Carnal Curses, Disfigured Dreams: Japanese Horror and Bizarre Cinema 1898-1949

$21.99
Type: Books

Kagami Jigoku Kobayashi

Paperback, 144 pages

Carnal Curses, Disfigured Dreams presents an illustrated, annotated and indexed filmography of all pre-war and immediately post-war Japanese films in the genres of horror, fantasy, science fiction, and weird mystery, and is the first English-language book to do so.

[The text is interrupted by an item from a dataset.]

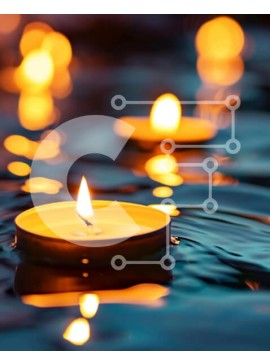 Intra Συλλεκτικό Ξύλινο Παζλ Plywood  4mm - Αναμμένα κεριά που επιπλέουν στο νερό Σε Ξύλινο Κουτί - Διαστάσεις Puzzle: 10x10 cm – 25 κομμάτια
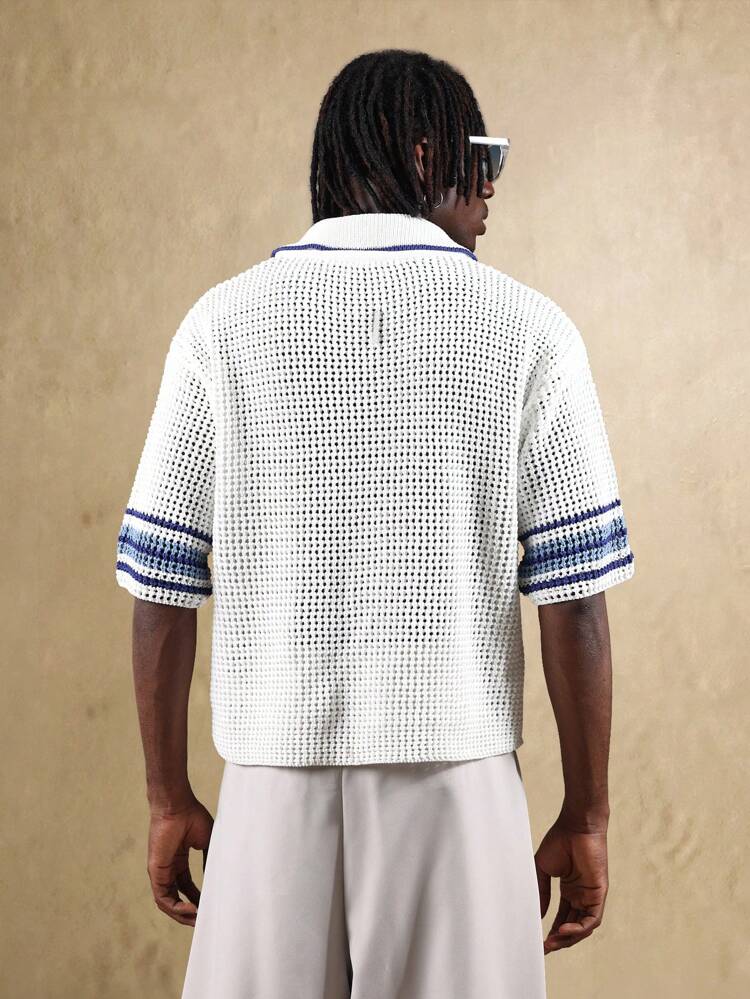 Open Mesh Polo Knit Top With Varsity Stripes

Due to Japan’s rich tradition of ghost stories, heroic legends and folkloric hierarchy of demonic yokai, an unusually large percentage of films made in the country’s early years of film production were based on phantastic myths and supernaturally-driven narratives. By 1915, a new genre of ninjutsu (“secret combat techniques”) films emerged, with many narratives involving shape-shifting and magic, giving rise to Japanese cinema’s first wave of special-effects technicians. In the 1930s, low-budget exploitation companies such as Kyokuto and Zensho produced dozens of pulp horror movies, including a startling hybrid genre from Kyokuto which mixed samurai and robots. Zombies, vampires, mechanical men, mad scientists, monsters, killer apes, living statues, ghosts, demons – all the iconic figures of bizarre cinema can be found in Japan’s early film output, filtered through that country’s unique lens of culture and myth.

Carnal Curses, Disfigured Dreams lists over 500 films in a detailed, chronological filmography, includes over 30 woodblock print illustrations, reproduces 65 extremely rare film production photographs and posters – most of which have never been published before, even in Japan – and concludes with an index of all films referenced in the text.

Japanese Film Perspectives is a new series of historical studies based on new and original research, and anchored around never-before-seen photographic images.